La Constitución de 1830 disponía en su art. 73 que al Presidente de la República lo elegiría “la Asamblea General, el día primero de marzo, por votación nominal”, pero el art. 22 mandaba que los diputados -únicos gobernantes que se votaban directamente- fueran electos a razón de “un Representante por cada tres mil almas, o por una fracción que no baje de dos mil”, en comicios “el último domingo del mes de noviembre”.

La Constitución de 1918 derogó la elección indirecta. Con ecos de proclama democrática su art. 71 dispuso: “El Presidente de la República será elegido directamente por el pueblo, a mayoría simple de votantes, mediante el sistema del doble voto simultáneo y con las garantías que para el sufragio establece la Sección II, considerándose la República como una sola circunscripción. La elección de Presidente de la República se efectuará el último domingo del mes de noviembre.” Los textos de 1934 -Senado de 15 y 15-, 1942 -restauración democrática- 1951 -Poder Ejecutivo colegiado- y 1967 -regreso a la Presidencia- removieron casi todo, pero no la fecha.

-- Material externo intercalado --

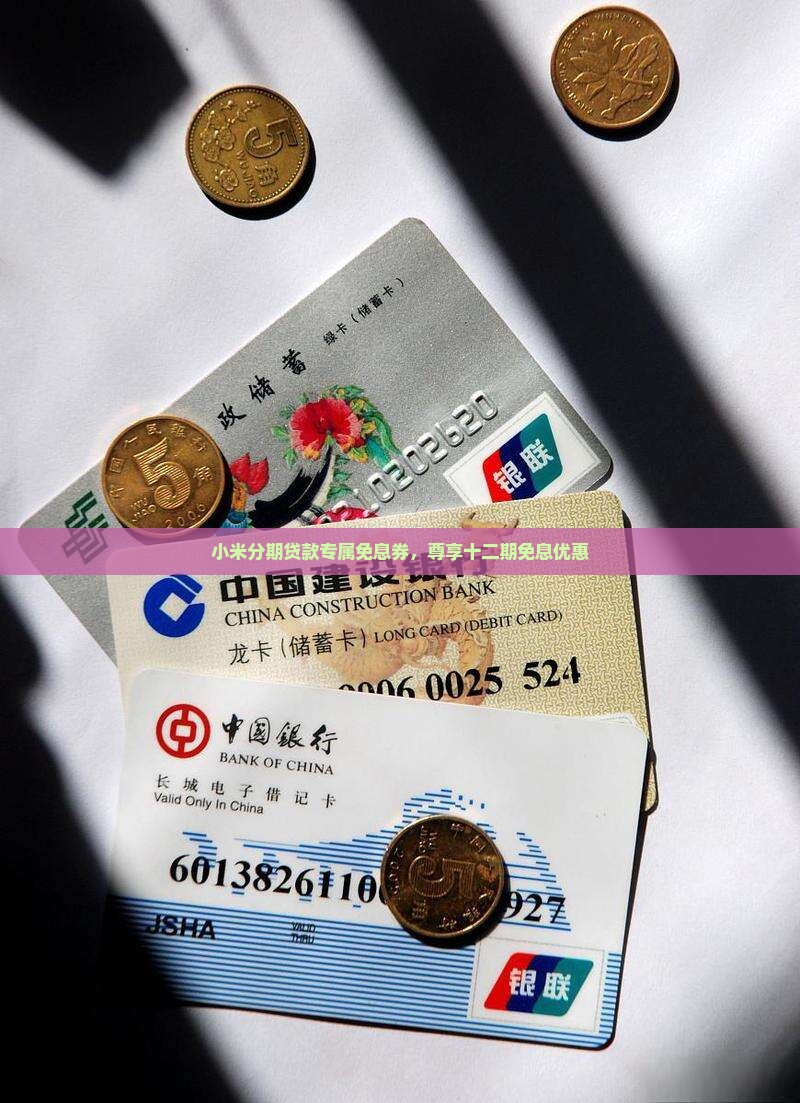 小米贷款十二期免息券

En la última reforma, de 1996, para introducir el balotaje se estableció una primera vuelta en octubre, pero “si… ninguna de las candidaturas obtuviese la mayoría exigida, se celebrará el último domingo del mes de noviembre del mismo año, una segunda elección entre las dos candidaturas más votadas”. Con lo cual se conservó la regla.

Esa regularidad es mucho más que una constante sabiamente fijada por los Constituyentes. Esa fijeza, se nos ha erigido en disposición del alma.

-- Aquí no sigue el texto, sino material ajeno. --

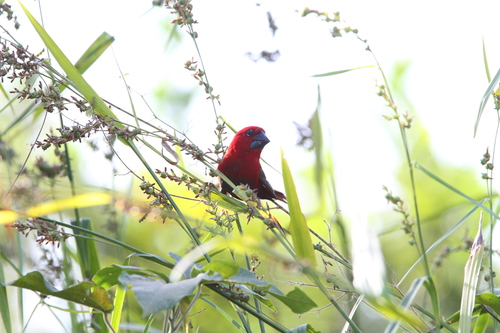 Crimson Seedcracker (Pyrenestes sanguineus), photo 6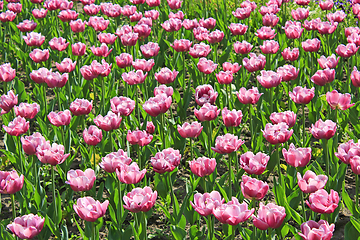 Image showing lilac tulips on the flower-bed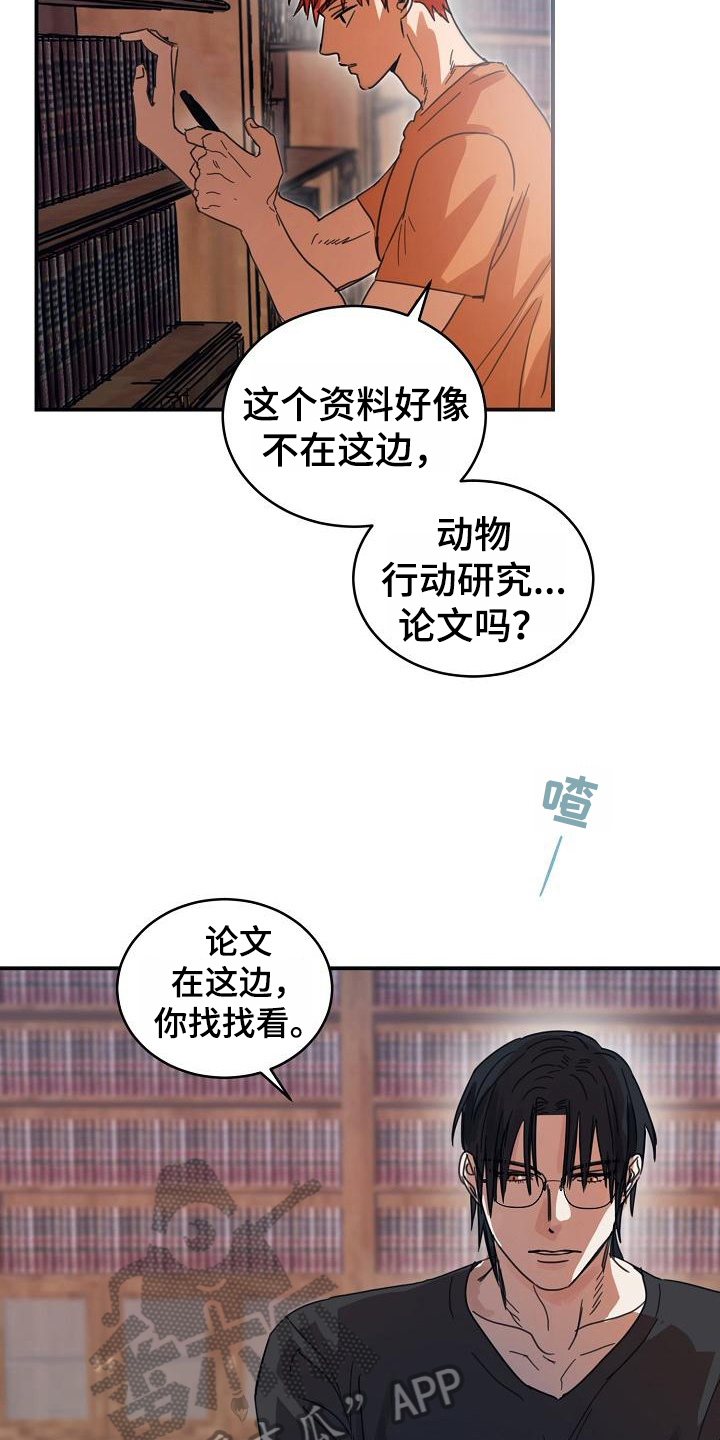 第13话12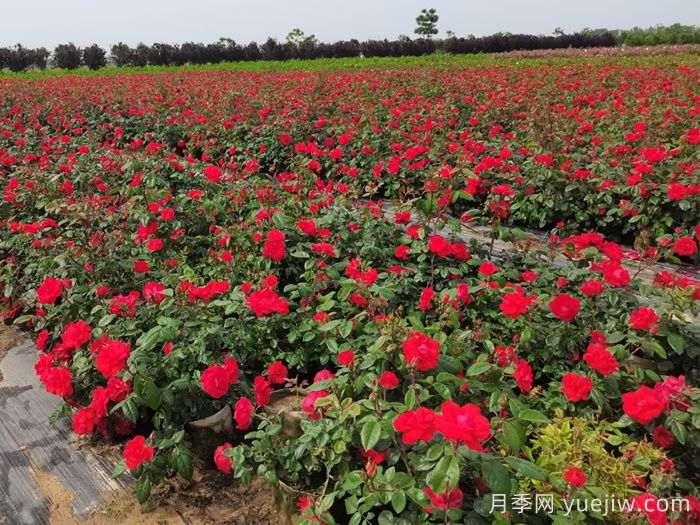 月季打药也要分时间?这两个时段打药蕞好(图1) 月季打药也要分时间?这两个时段打药最好(图1)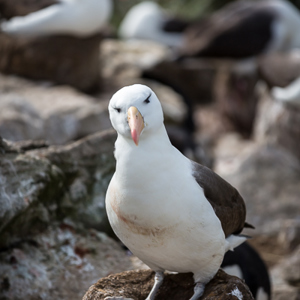 2016-12-22 - Is er wat te zien of zo?<br/>West Point Island - Falkland eilanden - Verenigd Koninkrijk<br/>Canon EOS 5D Mark III - 200 mm - f/2.8, 1/5000 sec, ISO 200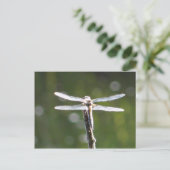 Carte Postale libellule gris clair (Debout devant)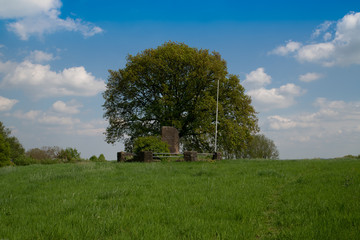 Denkmaleiche mit Gedenkstein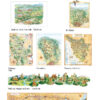 catalogo_massimo tosi2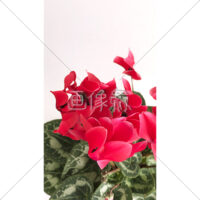 シクラメンの写真素材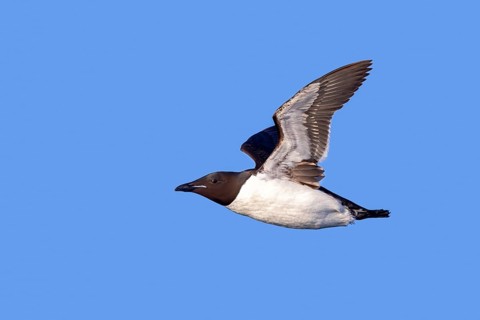 Thick-billed murre, Brünnich's guillemot (Uria lomvia lomvia) flying against blue sky in summer,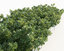 shrubs multiscatter scatterable 3d 3ds
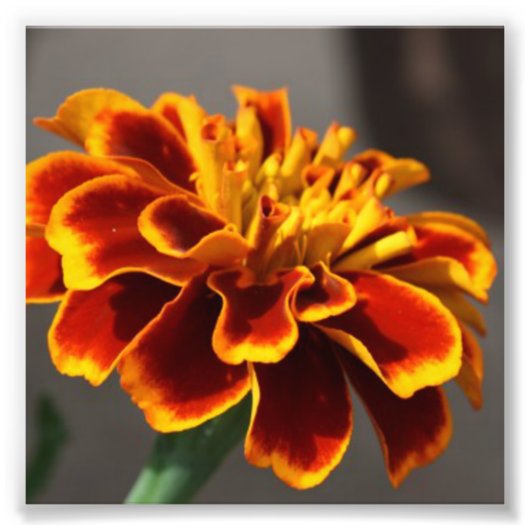 Marigold Foto Afdruk (Voorkant)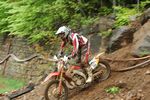 Red Bull Hare Scramble 1492591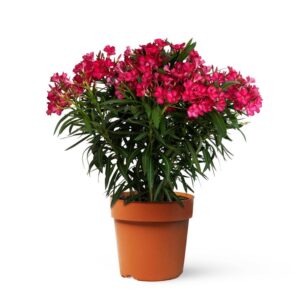 www.viverofiore.com.ar wsp 2215790666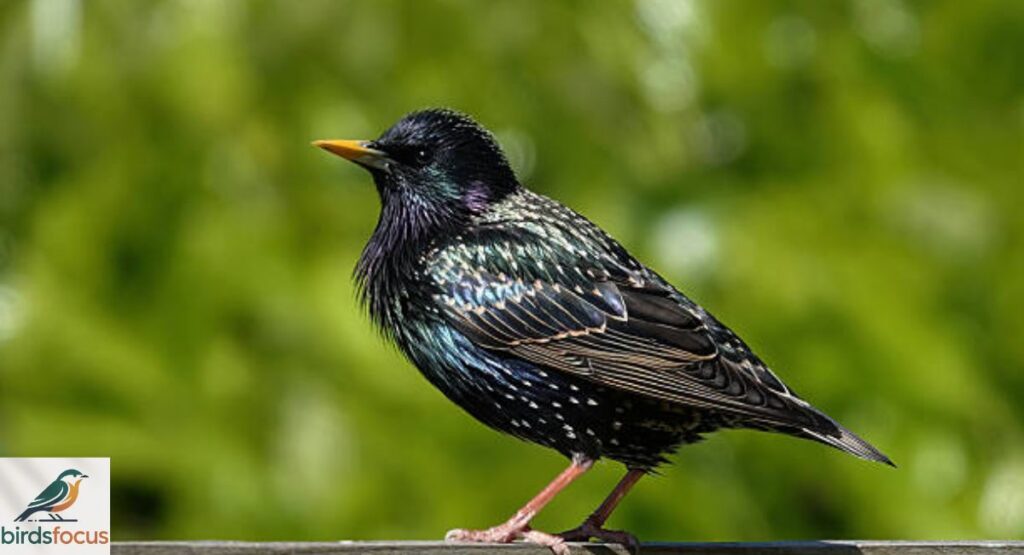 European Starling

El último domingo de noviembre se nos eleva como un símbolo que ha permanecido por sobre las múltiples reformas y las modas. Es un hito inconmovible del modo nacional de resolver nuestro destino por un artiguista “nosotros mismos”, usando como herramienta pública el sufragio garantido, insospechable y acatado, logrado por luchas y angustias de los partidos tradicionales.

Ese símbolo conservó vigencia por sobre las quiebras institucionales. El imperativo de salvarlo está tan arraigado en el espíritu público que la dictadura cívico-militar de 1973 suspendió las elecciones, pero hizo custodiar el Registro Cívico Nacional, para cuando aclarase y se volviera a ensillar. Más aun: la cúpula militar rechazó el proyecto de suprimir los partidos y las elecciones, obligando a su autor, Juan María Bordaberry, a renunciar a la Presidencia.

No hay que olvidar estos antecedentes porque la persistencia de la fecha refleja el ideario que en el pasado infundió grandeza al Uruguay. Y porque en los principios de ese ideario deberán inspirarse las matrices de nuestro futuro. Para encarar los cambios de los nuevos tiempos, la receta no es demoler la sabiduría acumulada en lo que hicimos bien. Al revés, es enriquecerla.

Miremos a qué conduce eclipsar el rigor republicano. En la Argentina, el populismo kirchnerista admira dictaduras y se burla del rechazo de su pueblo en las urnas, maniobrando en la Justicia para sobreseer a su conductora y a su cohorte, en vez de juzgarlas. En Chile, el sostenido crecimiento económico disimuló las carencias de sensibilidad y formación de sus partidos y le entreveró elencos políticos con negocios, poniendo en entredicho la Constitución y en zozobra la convivencia. En Perú, tras licuar los partidos y hamacarse entre sucesivos Presidentes que terminaron presos, encaramó en el poder a un mandatario sin apresto para la función.

En cambio, nosotros estamos terminando 2021 con números auspiciosos y un presidente Lacalle Pou que cumple el programa que anunció en su campaña. Tenemos buenos motivos, pues, no solo para sentir orgullo por la vocación electoral de nuestro pueblo, sino para persistir en el rumbo democrático republicano que nos viene de la historia.

Por eso, las citas pacíficas en las urnas deben enriquecerse con la inquietud diaria de la ciudadanía por su propio destino. Hoy le toca al BPS, pero en dos años y medio tendremos internas partidarias y en menos de tres años viviremos la primera vuelta para el gobierno nacional. La libertad no es un proyecto a esperar del Estado. Es un mandato originario de cada persona. Por eso las elecciones definitorias, florecidas de jacarandá, no deben ser solo una movilización acarreada por propagandas.

Deben ser la cita de cada uno, y de todos, con el mayor de los capitales humanos: la esperanza reflexionada.